__WHAT IS EXPECTED__
Number of lines below with "watching": work it out and reply with that number only.

Stored data
--------------------------------
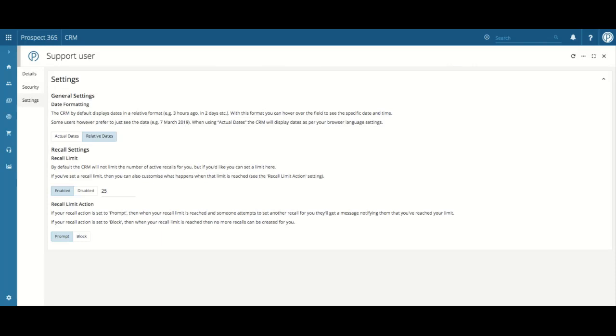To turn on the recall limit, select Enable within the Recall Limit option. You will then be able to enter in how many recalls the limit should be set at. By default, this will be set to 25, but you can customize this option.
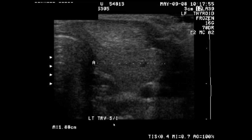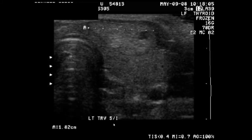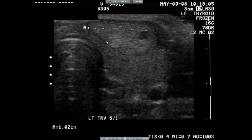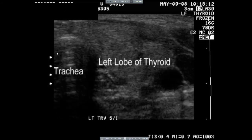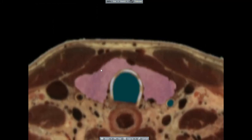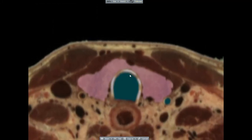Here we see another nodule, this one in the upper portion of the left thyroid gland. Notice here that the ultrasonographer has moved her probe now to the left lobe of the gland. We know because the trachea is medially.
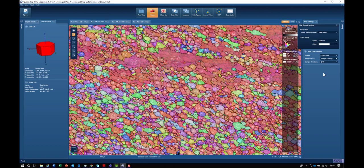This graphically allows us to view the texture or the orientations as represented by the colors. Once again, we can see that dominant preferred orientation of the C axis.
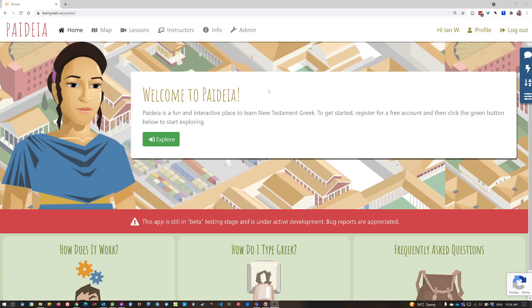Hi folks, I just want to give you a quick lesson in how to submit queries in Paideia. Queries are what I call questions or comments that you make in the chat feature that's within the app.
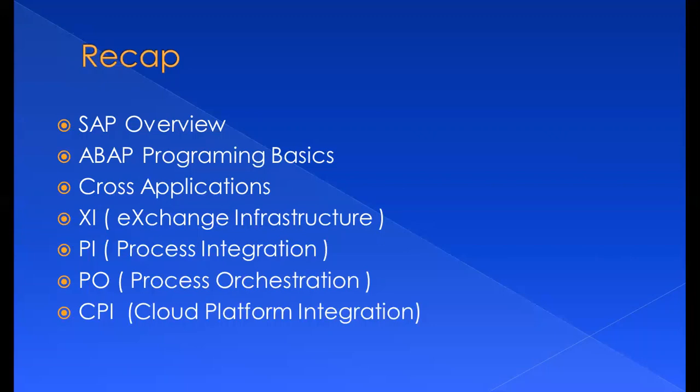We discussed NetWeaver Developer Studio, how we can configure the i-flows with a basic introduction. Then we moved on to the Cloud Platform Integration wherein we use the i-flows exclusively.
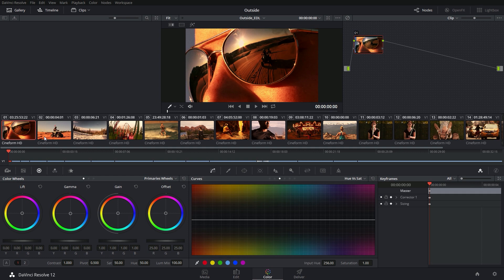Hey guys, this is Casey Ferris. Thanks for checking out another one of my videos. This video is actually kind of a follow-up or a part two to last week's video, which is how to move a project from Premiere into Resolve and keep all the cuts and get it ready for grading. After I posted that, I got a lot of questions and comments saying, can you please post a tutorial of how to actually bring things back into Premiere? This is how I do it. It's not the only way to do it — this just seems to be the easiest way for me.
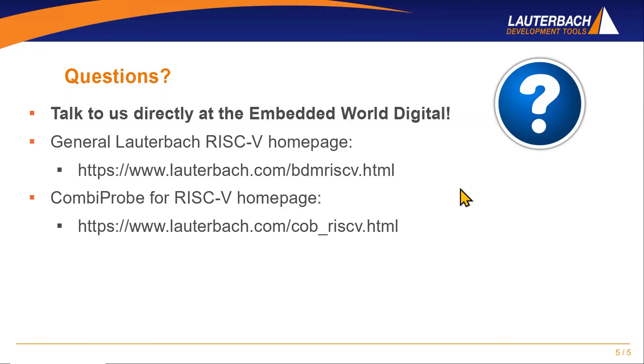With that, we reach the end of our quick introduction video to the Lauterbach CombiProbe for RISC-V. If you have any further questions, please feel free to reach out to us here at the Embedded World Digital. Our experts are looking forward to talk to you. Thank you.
--------------------------------
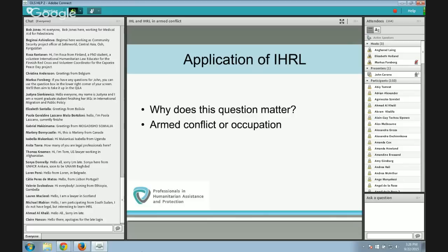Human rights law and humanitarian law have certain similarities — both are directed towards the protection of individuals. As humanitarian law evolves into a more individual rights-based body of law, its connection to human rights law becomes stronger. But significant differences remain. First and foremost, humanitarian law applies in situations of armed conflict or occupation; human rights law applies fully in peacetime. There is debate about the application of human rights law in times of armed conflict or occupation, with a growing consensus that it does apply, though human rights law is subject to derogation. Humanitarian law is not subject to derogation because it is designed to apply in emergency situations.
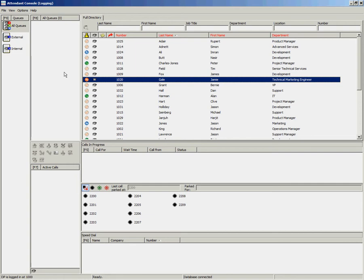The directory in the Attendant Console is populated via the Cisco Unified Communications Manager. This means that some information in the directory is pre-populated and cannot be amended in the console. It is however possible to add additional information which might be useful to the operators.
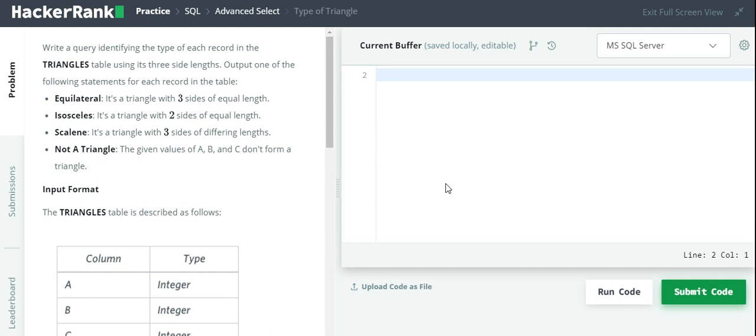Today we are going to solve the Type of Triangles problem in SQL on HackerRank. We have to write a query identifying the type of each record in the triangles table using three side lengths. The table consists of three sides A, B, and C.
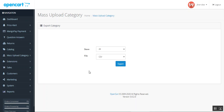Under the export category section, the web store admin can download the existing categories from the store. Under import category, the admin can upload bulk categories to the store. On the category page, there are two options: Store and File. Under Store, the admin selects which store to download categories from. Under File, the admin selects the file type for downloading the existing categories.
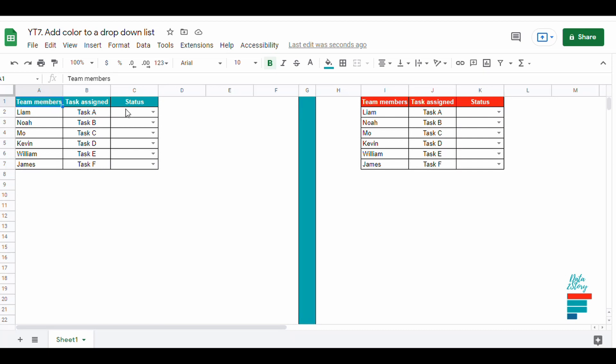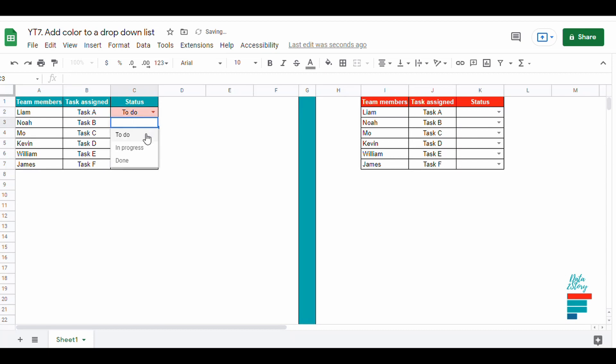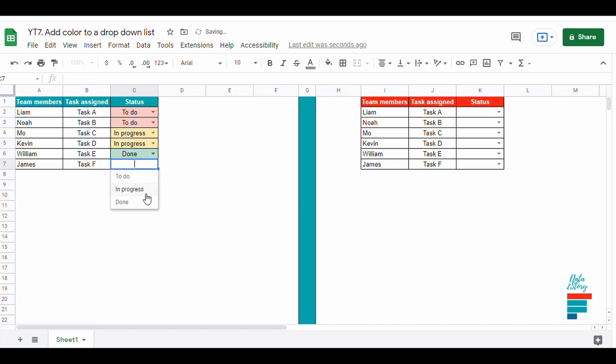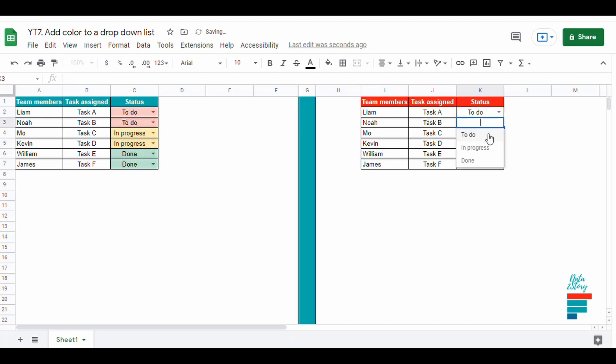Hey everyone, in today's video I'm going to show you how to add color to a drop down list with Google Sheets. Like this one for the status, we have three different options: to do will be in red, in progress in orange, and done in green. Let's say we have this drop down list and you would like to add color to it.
--------------------------------
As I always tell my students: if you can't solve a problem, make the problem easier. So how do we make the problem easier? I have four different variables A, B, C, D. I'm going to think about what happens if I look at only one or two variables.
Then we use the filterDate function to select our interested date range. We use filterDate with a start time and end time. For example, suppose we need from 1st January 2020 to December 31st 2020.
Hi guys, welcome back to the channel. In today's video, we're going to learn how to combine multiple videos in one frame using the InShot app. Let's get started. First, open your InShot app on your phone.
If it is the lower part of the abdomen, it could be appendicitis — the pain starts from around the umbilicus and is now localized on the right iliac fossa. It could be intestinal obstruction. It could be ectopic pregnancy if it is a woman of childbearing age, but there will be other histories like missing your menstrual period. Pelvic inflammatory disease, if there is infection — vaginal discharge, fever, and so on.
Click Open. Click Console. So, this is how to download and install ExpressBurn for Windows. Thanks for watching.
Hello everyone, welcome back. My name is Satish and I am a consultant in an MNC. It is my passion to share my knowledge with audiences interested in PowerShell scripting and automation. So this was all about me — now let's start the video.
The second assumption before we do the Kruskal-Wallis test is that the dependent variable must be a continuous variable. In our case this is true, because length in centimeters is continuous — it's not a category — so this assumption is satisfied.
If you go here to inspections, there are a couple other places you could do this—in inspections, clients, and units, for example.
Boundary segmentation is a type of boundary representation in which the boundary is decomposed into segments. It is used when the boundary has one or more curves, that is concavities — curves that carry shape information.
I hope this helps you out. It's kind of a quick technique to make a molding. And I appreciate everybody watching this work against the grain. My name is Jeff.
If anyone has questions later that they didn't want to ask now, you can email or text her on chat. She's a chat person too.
--------------------------------
__ANSWER SPACE__
2